Records for the task:
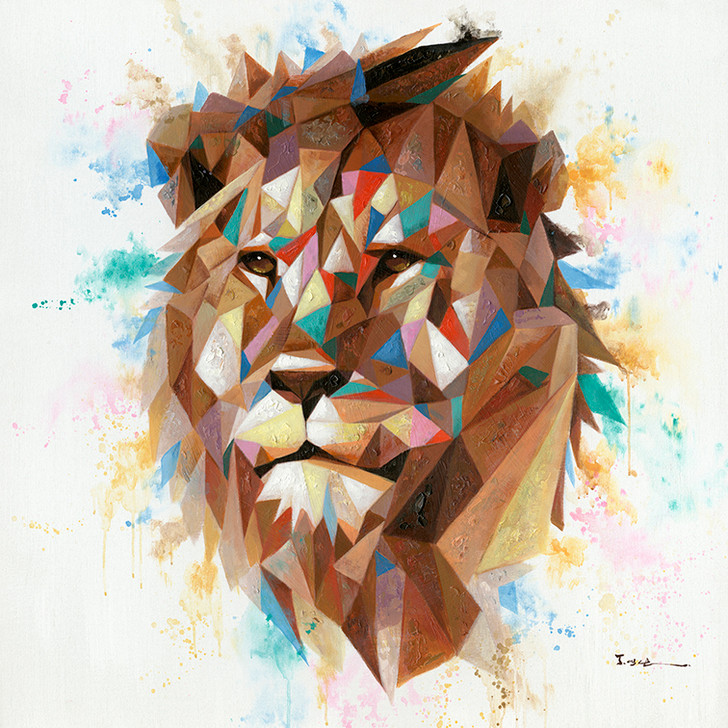 Painting - Lion in Geo Symmetry  (G0254)-(100*100)CM-OUT OF STOCK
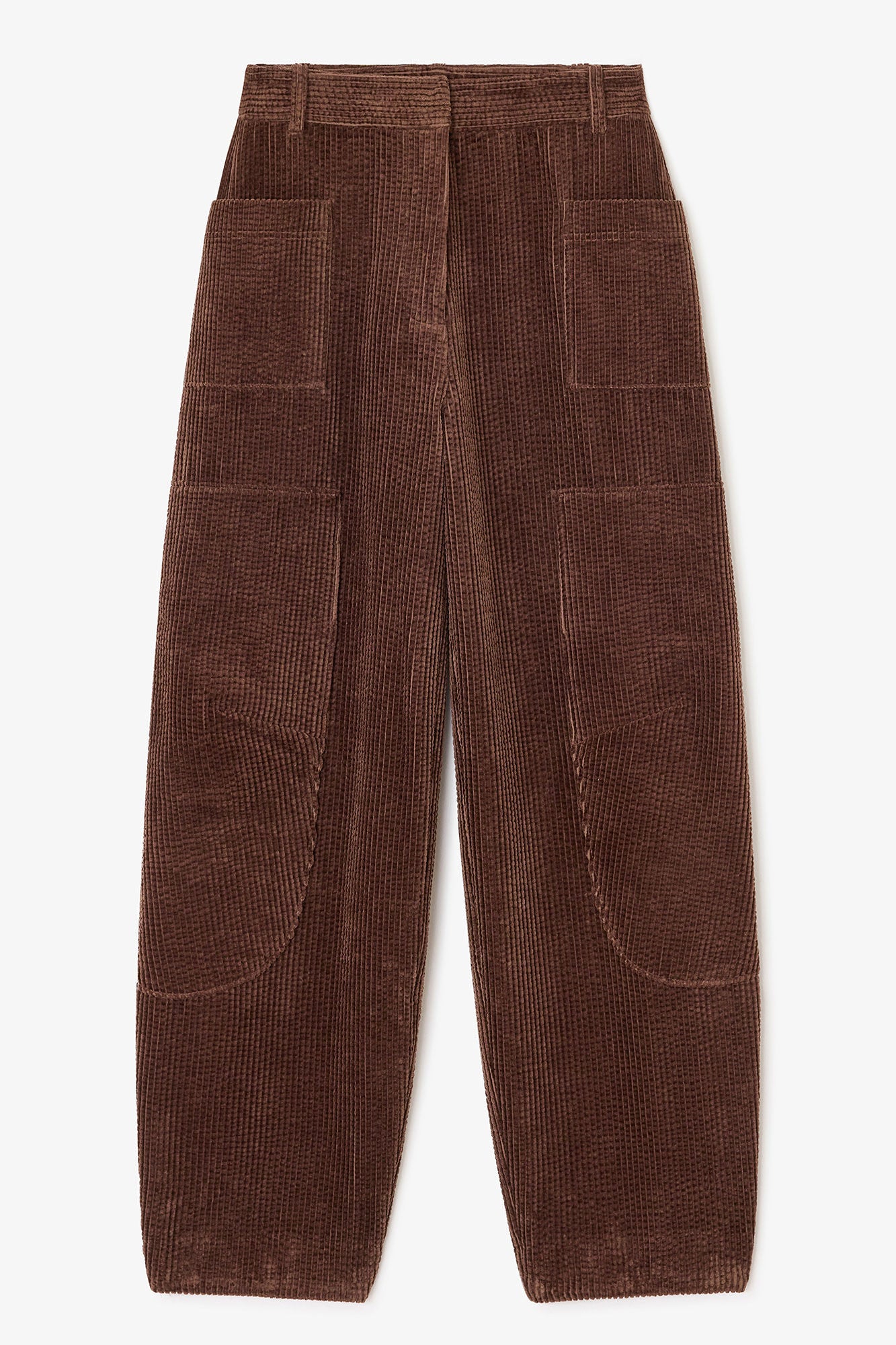Brown Corduroy Curved Trousers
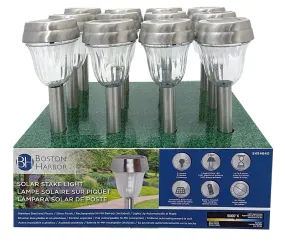 Boston Harbor 24173 Solar Stake Light, Ni-Mh Battery, 1-Lamp, LED Lamp, Metal Plastic Fixture, Battery Included: Yes :EA: QUANTITY: 12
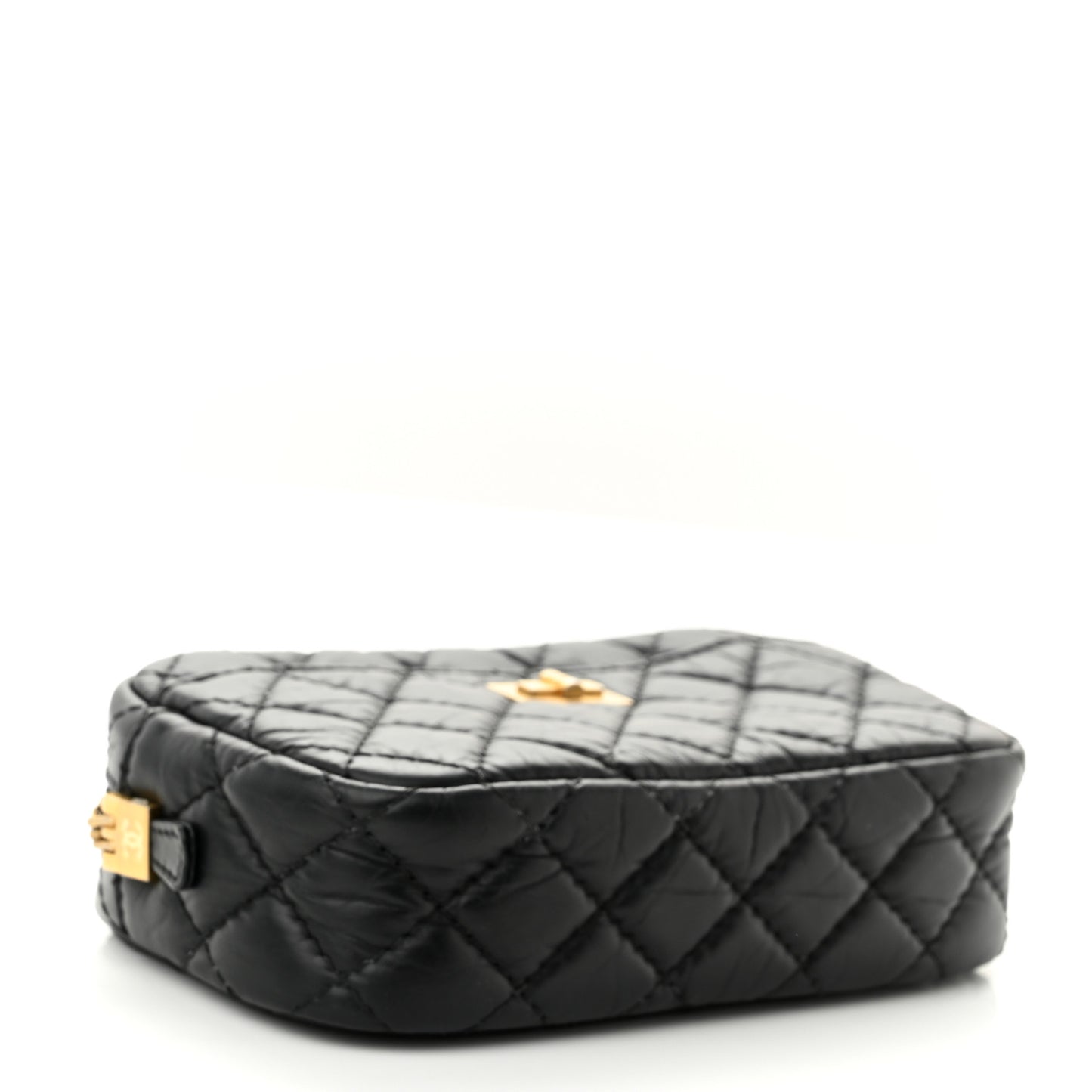 Aged Calfskin Quilted Mini Reissue Camera Case Black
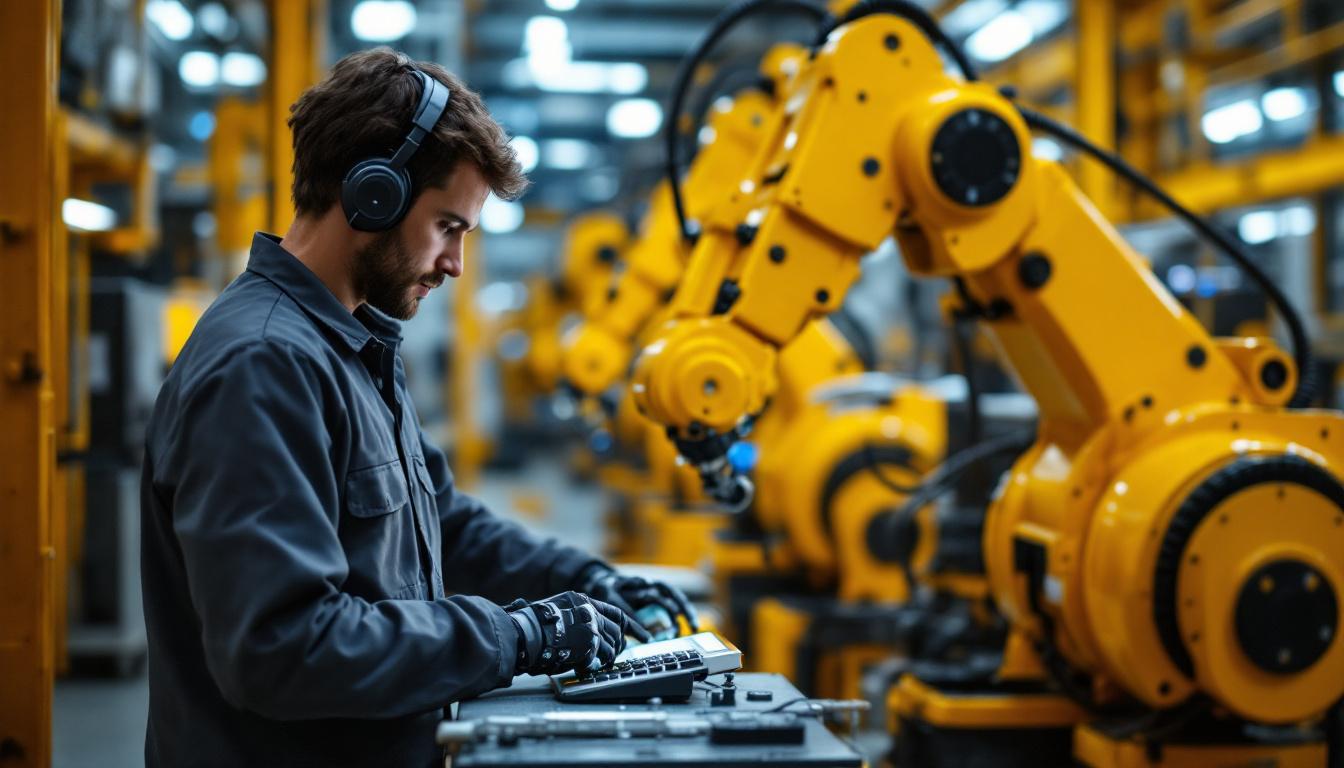 A photograph of a skilled technician programming or operating an industrial robot in a dynamic manufacturing environment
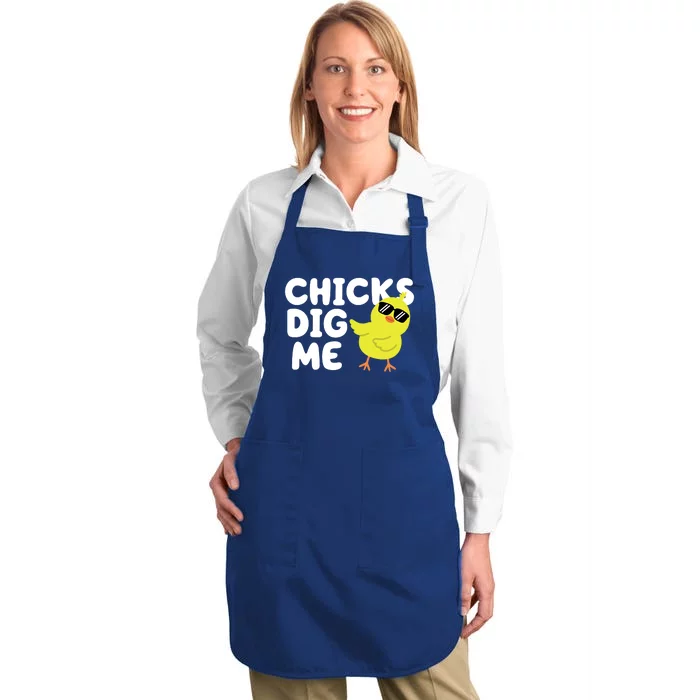 Chicks Dig Me Funny Baby Chick Chicken Full-Length Apron With Pocket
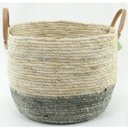 Ver imagem 1 de Cesto Elegance Seagrass Oval Alça De Couro - Jolitex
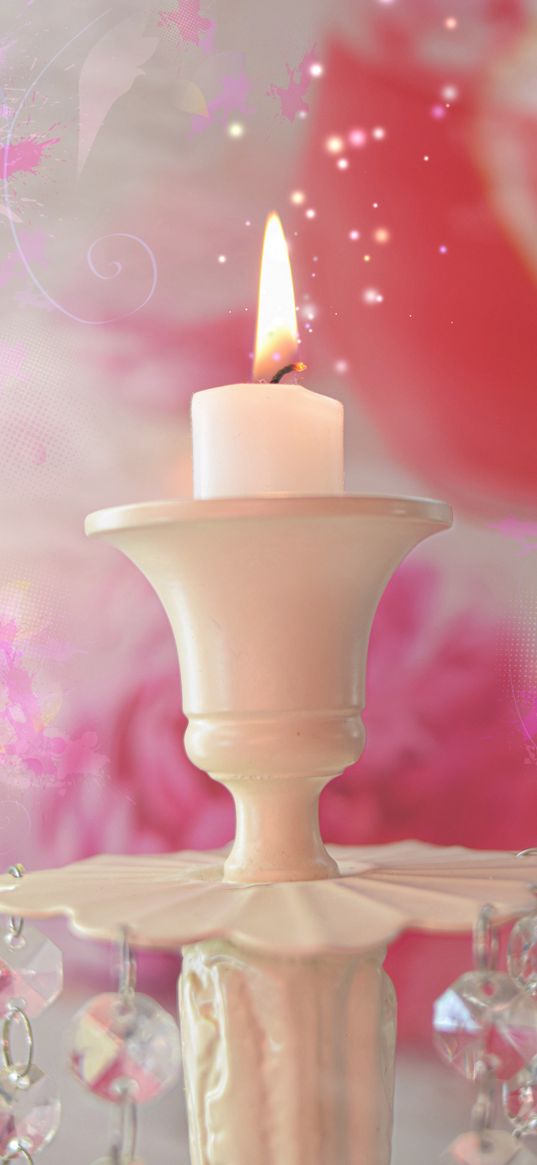 candle, fire, candlestick, pink, white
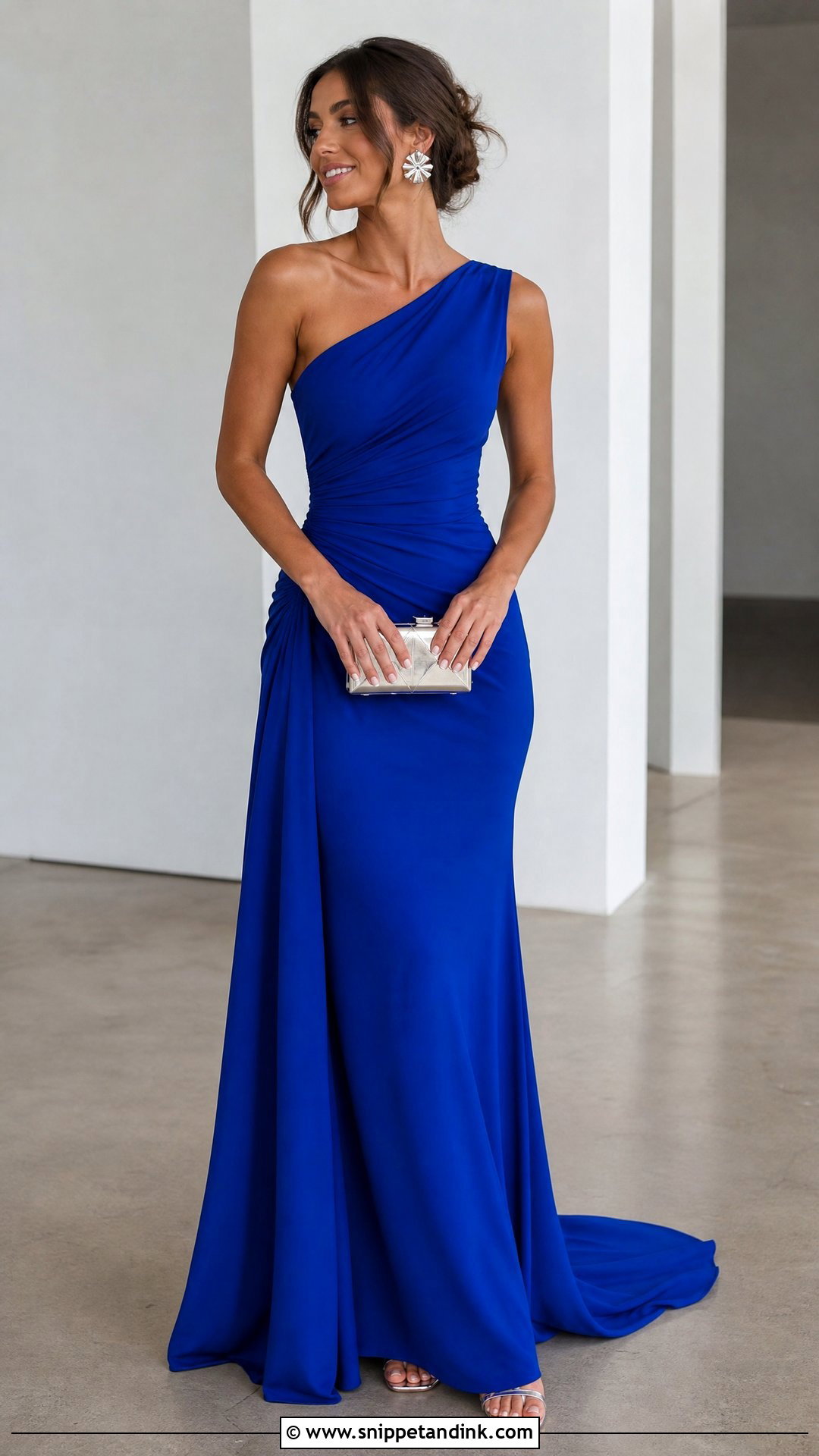 One Shoulder Trail Gown - Snippet and Ink - 20 Trail Gown Ideas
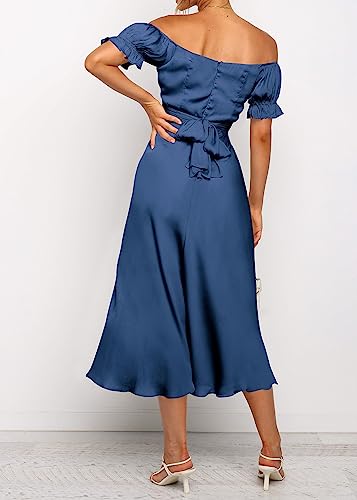 Image of KIRUNDO Women's Satin Summer Wedding Guest Cocktail Dress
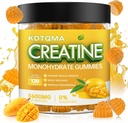 Cretina Monohydrate Gummies for Men &amp; Women 120 CT - 5600mg de Monohidrato de Creatina por Serving, Monohidrato de Creatina Chewable para el apoyo muscular " Energy Boost, Sugar Free, Vegan (Mango Flavor)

Problem to solve: Leave the pictures aside and print exactly, and only, the lines from the one with "Image of KIRUNDO" through the end of the data, both included.

Your solution:
 Image of KIRUNDO Women's Satin Summer Wedding Guest Cocktail Dress
 Cretina Monohydrate Gummies for Men &amp; Women 120 CT - 5600mg de Monohidrato de Creatina por Serving, Monohidrato de Creatina Chewable para el apoyo muscular " Energy Boost, Sugar Free, Vegan (Mango Flavor)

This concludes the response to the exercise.